Re: [PATCH v2 1/2] f2fs: fix to avoid broken of dnode block list

From: Jaegeuk Kim
Date: Fri Jul 06 2018 - 18:32:53 EST


On 07/04, Chao Yu wrote:
> f2fs recovery flow is relying on dnode block link list, it means fsynced
> file recovery depends on previous dnode's persistence in the list, so
> during fsync() we should wait on all regular inode's dnode writebacked
> before issuing flush.

We don't need to wait for all the writebacking nodes which can enter later.
Can we add a list of nids that we need to wait for?

>
> By this way, we can avoid dnode block list being broken by out-of-order
> IO submission due to IO scheduler or driver.
>
> Signed-off-by: Chao Yu <yuchao0@xxxxxxxxxx>
> ---
> v2: add missing definition modification in f2fs.h.
> fs/f2fs/f2fs.h | 2 +-
> fs/f2fs/file.c | 17 ++++-------------
> fs/f2fs/node.c | 4 ++--
> 3 files changed, 7 insertions(+), 16 deletions(-)
>
> diff --git a/fs/f2fs/f2fs.h b/fs/f2fs/f2fs.h
> index 859ecde81dd0..a9da5a089cb4 100644
> --- a/fs/f2fs/f2fs.h
> +++ b/fs/f2fs/f2fs.h
> @@ -2825,7 +2825,7 @@ pgoff_t f2fs_get_next_page_offset(struct dnode_of_data *dn, pgoff_t pgofs);
> int f2fs_get_dnode_of_data(struct dnode_of_data *dn, pgoff_t index, int mode);
> int f2fs_truncate_inode_blocks(struct inode *inode, pgoff_t from);
> int f2fs_truncate_xattr_node(struct inode *inode);
> -int f2fs_wait_on_node_pages_writeback(struct f2fs_sb_info *sbi, nid_t ino);
> +int f2fs_wait_on_node_pages_writeback(struct f2fs_sb_info *sbi);
> int f2fs_remove_inode_page(struct inode *inode);
> struct page *f2fs_new_inode_page(struct inode *inode);
> struct page *f2fs_new_node_page(struct dnode_of_data *dn, unsigned int ofs);
> diff --git a/fs/f2fs/file.c b/fs/f2fs/file.c
> index 752ff678bfe0..ecca7b833268 100644
> --- a/fs/f2fs/file.c
> +++ b/fs/f2fs/file.c
> @@ -292,19 +292,10 @@ static int f2fs_do_sync_file(struct file *file, loff_t start, loff_t end,
> goto sync_nodes;
> }
>
> - /*
> - * If it's atomic_write, it's just fine to keep write ordering.
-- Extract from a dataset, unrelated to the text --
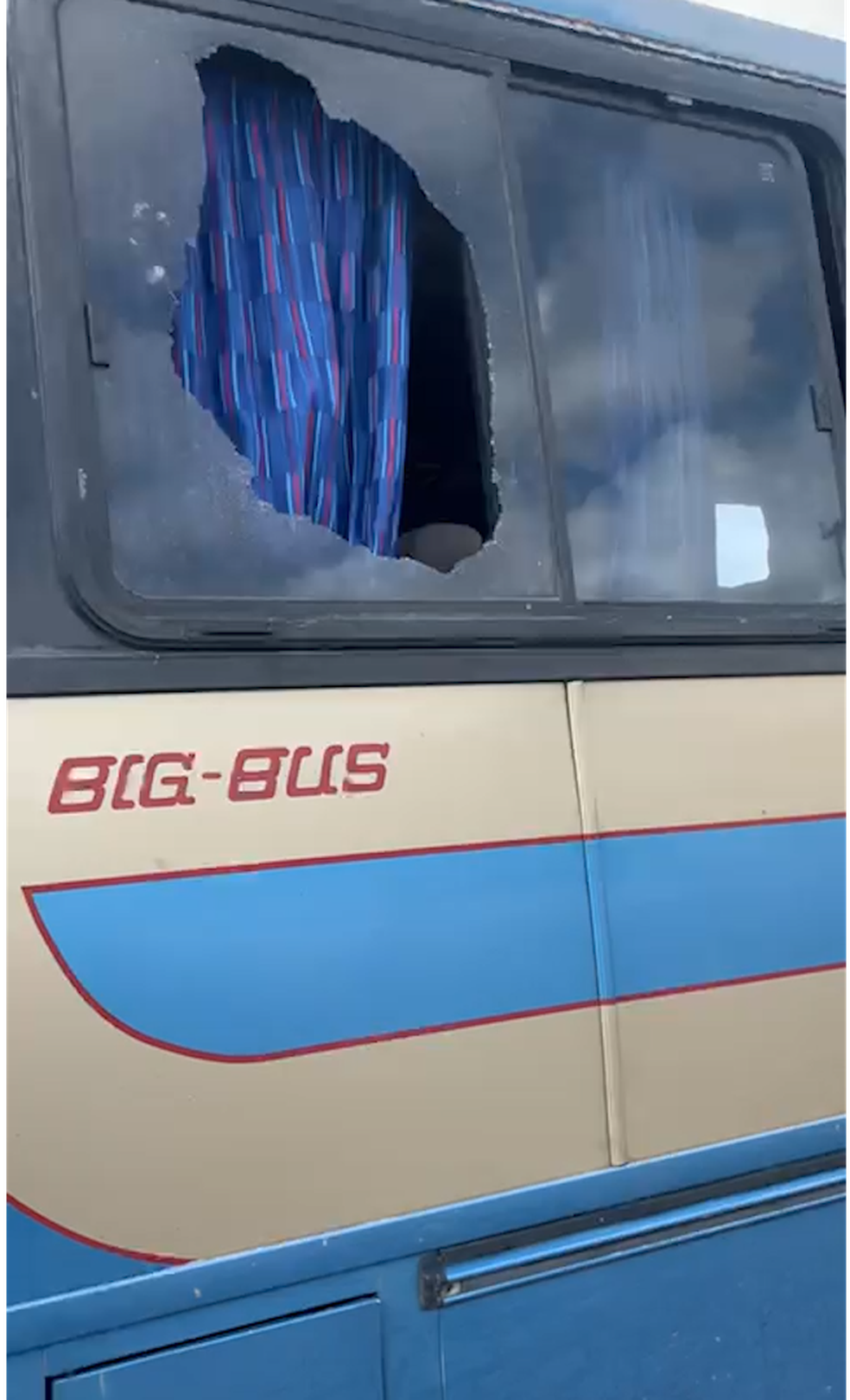 Ônibus de torcedores do Sousa é atacado na BR-230 — Foto: Reprodução/internet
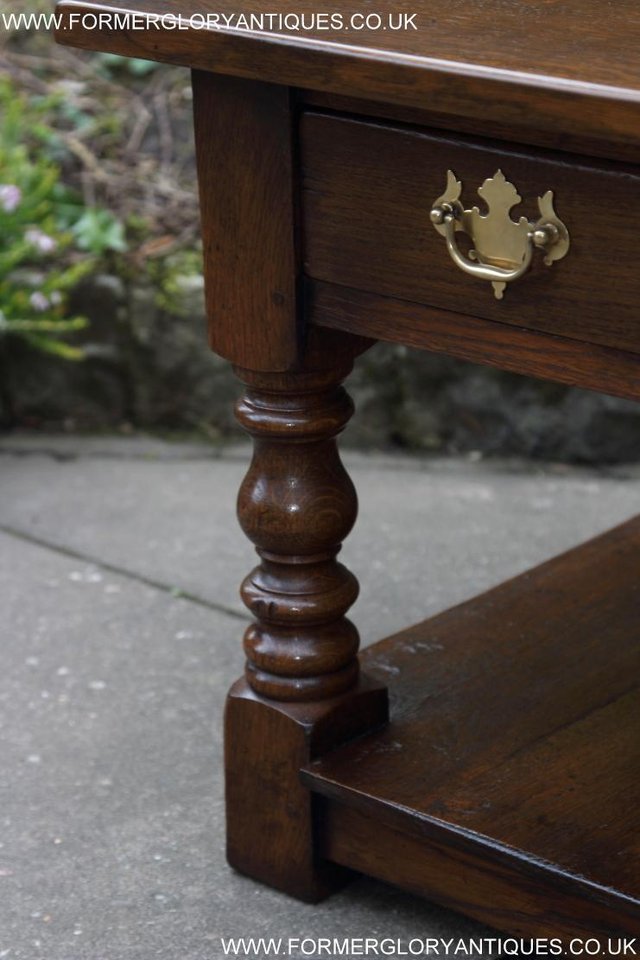 Image 40 of A TITCHMARSH GOODWIN STYLE OAK COFFEE PHONE SIDE LAMP TABLE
So
> - * here we don't need to wait for node write completion, since we use
> - * node chain which serializes node blocks. If one of node writes are
> - * reordered, we can see simply broken chain, resulting in stopping
> - * roll-forward recovery. It means we'll recover all or none node blocks
> - * given fsync mark.
> - */
> - if (!atomic) {
> - ret = f2fs_wait_on_node_pages_writeback(sbi, ino);
> - if (ret)
> - goto out;
> - }
> +
> + ret = f2fs_wait_on_node_pages_writeback(sbi);
> + if (ret)
> + goto out;
>
> /* once recovery info is written, don't need to tack this */
> f2fs_remove_ino_entry(sbi, ino, APPEND_INO);
> diff --git a/fs/f2fs/node.c b/fs/f2fs/node.c
> index 849c2ed9c152..0810c8117d46 100644
> --- a/fs/f2fs/node.c
> +++ b/fs/f2fs/node.c
> @@ -1710,7 +1710,7 @@ int f2fs_sync_node_pages(struct f2fs_sb_info *sbi,
> return ret;
> }
>
> -int f2fs_wait_on_node_pages_writeback(struct f2fs_sb_info *sbi, nid_t ino)
> +int f2fs_wait_on_node_pages_writeback(struct f2fs_sb_info *sbi)
> {
> pgoff_t index = 0;
> struct pagevec pvec;
> @@ -1726,7 +1726,7 @@ int f2fs_wait_on_node_pages_writeback(struct f2fs_sb_info *sbi, nid_t ino)
> for (i = 0; i < nr_pages; i++) {
> struct page *page = pvec.pages[i];
>
> - if (ino && ino_of_node(page) == ino) {
> + if (IS_DNODE(page) && is_cold_node(page)) {
> f2fs_wait_on_page_writeback(page, NODE, true);
> if (TestClearPageError(page))
> ret = -EIO;
> --
> 2.18.0.rc1